Friday, 31 October 2014

more in terengganu: hawker food and a market

This is part two of our time in Kuala Terengganu - after we returned from our lovely stint in Redang Island.

We drove across the Sultan Mahmud bridge to Duyung island for a saunter. It is a serene and pretty place.

Duyung island.

We enjoyed more street eats.

Such as this pulut lepa, for breakfast - fish floss in sticky rice, wrapped in banana leaf, and grilled over charcoal flames.

Pulut lepa, fish floss in glutinous rice.

ABC (air batu campur), or ais kacang, the popular Malaysian shaved ice dessert with assorted beans, jelly, palm seeds, sweet corn, drizzled with syrup, and in this case also topped with ice cream...

ABC or ais kacang, a shaved ice dessert.

More keropok lekor. Can you tell it's our favourite snack around this parts? They taste different each time, too. At this stall, it's slashed and slightly hollow, which makes for greater crispiness.

Keropok lekor.

We had blood cockles with a chilli dip...

Blood cockles, which we Malaysian Chinese call see-ham, served with a chilli sauce.

And squid slathered in sambal sauce.

Squid with sambal sauce.

We also took a stroll through the big Kuala Terengganu market called Pasar Payang.

It's busy, and colourful with things like these assorted pickles...

Various assorted pickles.

And cute little dodols. This is a sweet, chewy confection made with glutinous rice flour, coconut milk, and palm sugar. The brown ones are the original plain, and the green ones are pandan. You can also get other flavours, such as durian ones.

Little dodol sweets.

Also, in case you were wondering, this is how keropok lekor looks like before they are cooked. You can buy it to boil or fry at home.

Uncooked keropok lekor.

The produce at this market were plentiful and exotic. Some I hadn't even come across before, like the tampoi fruit. This may also be referred to as ngeker.

Baccaurea macrocarpa (known here as Tampoi or Ngeker).

They also have pulasan, which is reminiscent of the rambutan, but instead of a hairy appearance, it has more solid-looking blunt spikes.

Nephelium mutabile (known here as Pulasan).
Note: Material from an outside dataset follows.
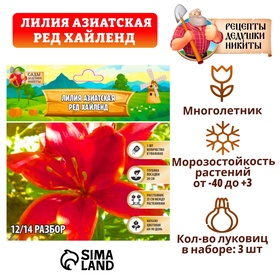 Лилия Азиатская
All in all, Terengganu has been a great experience, and I suspect I shall remember this segment of the trip as one that introduced me to the traditional fish snack, keropok lekor, and subsequently where I fell in love with it, as well as all the fun (and occasionally haphazard) times we had exploring this Malaysian state together - me, Simon, and my parents.